* _Work to complete_: Go to the line containing "Marshall Instruments COMP" in the records below and print it and every following line exactly, on through the line containing "Sztokholm Mapie Drogowej", then stop.

* _Data for this exercise_:
========

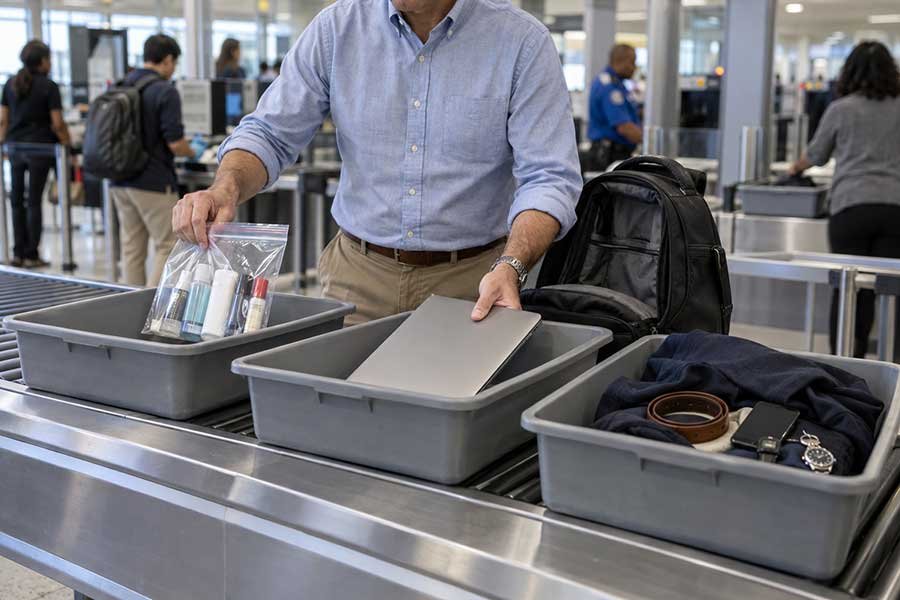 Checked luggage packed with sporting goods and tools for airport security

========

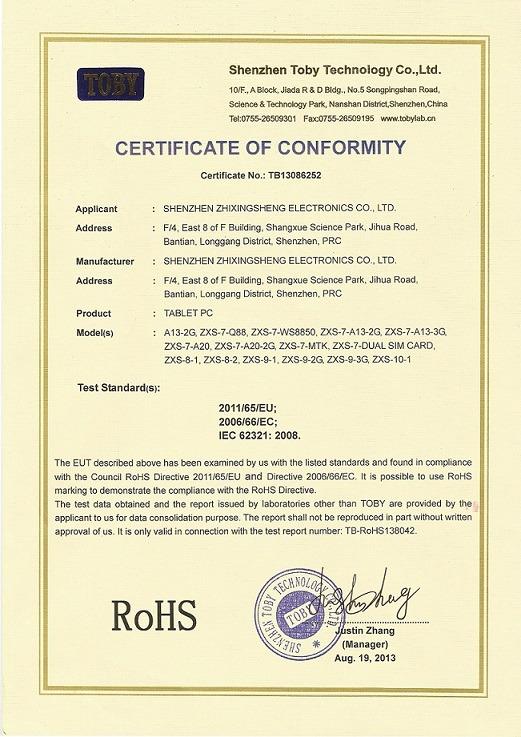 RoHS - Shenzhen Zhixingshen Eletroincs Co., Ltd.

========

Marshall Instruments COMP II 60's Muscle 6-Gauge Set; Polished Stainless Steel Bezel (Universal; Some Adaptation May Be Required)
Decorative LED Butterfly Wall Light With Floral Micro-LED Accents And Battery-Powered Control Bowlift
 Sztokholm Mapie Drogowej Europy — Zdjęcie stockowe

========

* _Response for this exercise_:
Marshall Instruments COMP II 60's Muscle 6-Gauge Set; Polished Stainless Steel Bezel (Universal; Some Adaptation May Be Required)
Decorative LED Butterfly Wall Light With Floral Micro-LED Accents And Battery-Powered Control Bowlift
 Sztokholm Mapie Drogowej Europy — Zdjęcie stockowe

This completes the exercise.